The stuff in $\exp ()$ is

(x - μ)^{T} C^{- 1} (x - μ) = \sum_{j = 1}^{n} \sum_{i = 1}^{n} (x_{i} - μ_{i}) C_{i j}^{- 1} (x_{j} - μ_{j})

Sample case, $n = 1$ , $C = (σ^{2})$ , so $det (C) = σ^{2}$ and $\frac{1}{det (C)} = \frac{1}{\sqrt{σ^{2}}}$

(x - μ)^{T} C^{- 1} (x - μ) = \frac{(x - μ)^{2}}{σ^{2}}

This matches $f (x)$ .

when $n = 2$ with independent $x_{1}$ and $x_{2}$ .

det (C) = σ_{1}^{2} \cdot σ_{2}^{2}

\begin{aligned} f (x_{1}, x_{2}) & = \frac{1}{2 π \sqrt{σ_{1}^{2} σ_{2}^{2}}} \exp (\sum_{j = 1}^{2} \sum_{i = 1}^{2} (x_{i} - μ_{i}) C_{i j} (x_{j} - μ_{j})) \\ = \frac{1}{2 π \sqrt{σ_{1}^{2} σ_{2}^{2}}} \exp (- \frac{1}{2} \sum_{i = j = 1}^{2} (x_{i} - μ_{i}) \frac{1}{σ_{i}^{2}} (x_{i} - μ_{i})) \\ = \frac{1}{2 π \sqrt{σ_{1}^{2} σ_{2}^{2}}} \exp (- \frac{1}{2} (\frac{(x_{1} - μ_{1})^{2}}{σ_{1}^{2}} + \frac{(x_{2} - μ_{2})^{2}}{σ_{2}^{2}})) \end{aligned}

In general, if $x_{1}, x_{2}, \dots, x_{n}$ are independent normals, $N (μ_{i}, σ_{i}^{2}), i = 1, 2, \dots, n$ , then

\begin{aligned} f (x_{1}, x_{2}, . . ., x_{n}) & = \frac{1}{(2 π)^{n / 2} \prod_{i = 1}^{n} \sqrt{σ_{i}}} \exp (- \frac{1}{2} | | (\frac{x_{i} - μ_{i}}{σ_{i}})_{v e c t o r} | |_{e u c l i}^{2}) \\ = \frac{1}{(2 π)^{n / 2} \prod_{i = 1}^{n} \sqrt{σ_{i}}} \exp (- \frac{1}{2} \sum_{i = 1}^{n} (\frac{x_{i} - μ_{i}}{σ_{i}})^{2}) \end{aligned}

We recognize that if $C o v (x_{i}, x_{j}) = 0$ and $(x_{i}, x_{j})$ are bivariate normal, then $x_{i}$ and $x_{j}$ are independent.

Normally, $C o v (x_{i}, x_{j}) ⇏$ (can not infer) $x_{i}$ and $x_{j}$ are independent.
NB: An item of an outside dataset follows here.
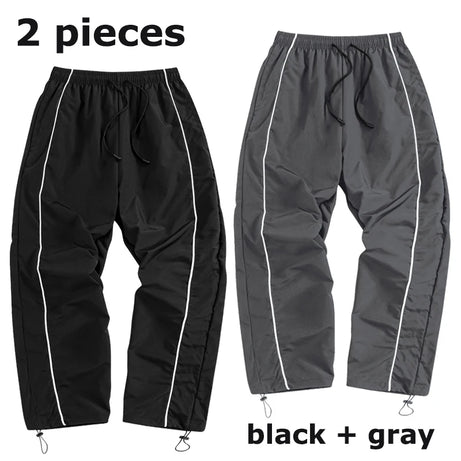Pantalon de sport tendance pour homme, avec lignes, idéal pour la salle de sport et la course à pied. Poches latérales, séchage rapide et respirant.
But it does when $(x_{i}, x_{j})$ is bivariate normal.

Question: let’s create a multivariate normal vector $Y$ with covariance matrix $C$ to create a vector $X = (x_{1}, x_{2}, \dots, x_{n})$ , where all $x_{i}$ ’s are i.i.d $N (0, 1)$ (standard normals’’).
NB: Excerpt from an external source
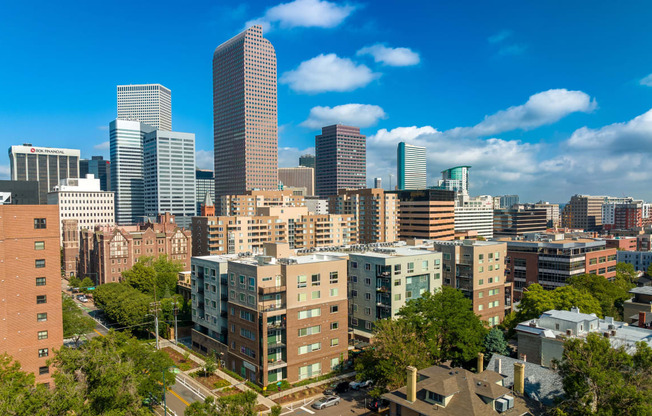 Denver skyline showing the apartment building on a sunny day with blue sky and white clouds at Sylvan Uptown, Denver, CO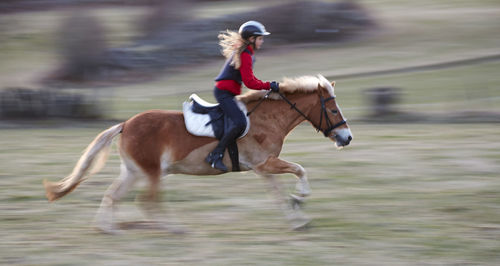 Girl riding horse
(It’s easy to use Box-Mueller transformation to do so).

How to create a $Y$ from this $X$ ?

Answer: Recall the notion of square-root of a matrix ( $C$ is positive definite).

(Linear algebra: $M^{T} M = M M^{T} = C$ )

There exists a matrix $M$ which is $\sqrt{C}$ ’’.

Consider

Z = M X

We know (by stability by linear combinations) that $Z$ is multivariate normal.

Note

E (Z) = M E (X) = 0

What about $C o v (Z)$ ?

\begin{aligned} Q_{i j} & = C o v (Z_{i}, Z_{j}) \\ = E [Z_{i} Z_{j}] \\ = E ((\sum_{k = i}^{n} M_{i k} x_{k}) \cdot (\sum_{l = 1}^{n} M_{j l} x_{l})) \\ = \sum_{k = 1}^{n} \sum_{l = 1}^{n} M_{i k} M_{j l} E (x_{k} x_{l}) \\ = \sum_{k = 1}^{n} M_{i k} M_{j l} (* * * E (x_{k} x_{l}) = 1 w h e r e i = j) \\ = (M M^{T})_{i j} \end{aligned}

So we see that $Y = Z = ‘ ‘ \sqrt{X} ”$ .

Exercise: For $n = 2$ , find a square-root for a $2 \times 2$ matrix. There should be a place in the book where the author does that in hiding for the purpose of creating a bivariate normal.

Gamma distribution - Chapter 4.3

Definition: A r.v. $X$ is Gamma with shape parameter $α$ and scale parameter $θ$ if it has this density

f (x) = c (\frac{x}{θ})^{α - 1} θ^{- 1} \exp (- \frac{x}{θ})

where the constant $c = Γ (α)$ , if $α = n$ is an integer, $Γ = (n - 1)!$

Notation: $X \sim Γ (α, θ)$ .

Fact:

when $α = 1$ : $X \sim G a m m a (1, θ) = \exp (λ = \frac{1}{θ})$ .
Consider a sequence $X_{1}, X_{2}, \dots, X_{n}$ , which are $\sim Γ (α_{1}, θ), Γ (α_{2}, θ), \dots, Γ (α_{n}, θ)$ . Assume they are independent. Then, with $X = X_{1} + X_{2} + \dots + X_{n}$ , we get

X \sim Γ (α_{1} + α_{2} + \dots + α_{n}, θ)

Consequently, apply the above with $α_{1} = α_{2} = \dots = α_{n} = 1$ , the sum of $n$ i.i.d r.v.’s $\sim \exp (λ = \frac{1}{θ})$ is a r.v. $\sim Γ (n, θ)$ .

Specifically, this proves exactly that the $n$ th arrival’’ time of a $P o s (λ)$ process is a $Γ (n, \frac{1}{λ})$ r.v.

$E (X) = n θ$ , because $E (X_{i}) \frac{1}{λ} = θ$
$V a r (X) = n θ^{2}$
When $α$ is not an integer, $α \notin N$ , let $X \sim Γ (α, θ)$ , $E (X) = α θ$ , $V a r (X) = α θ^{2}$ . (Exercise: prove this at home).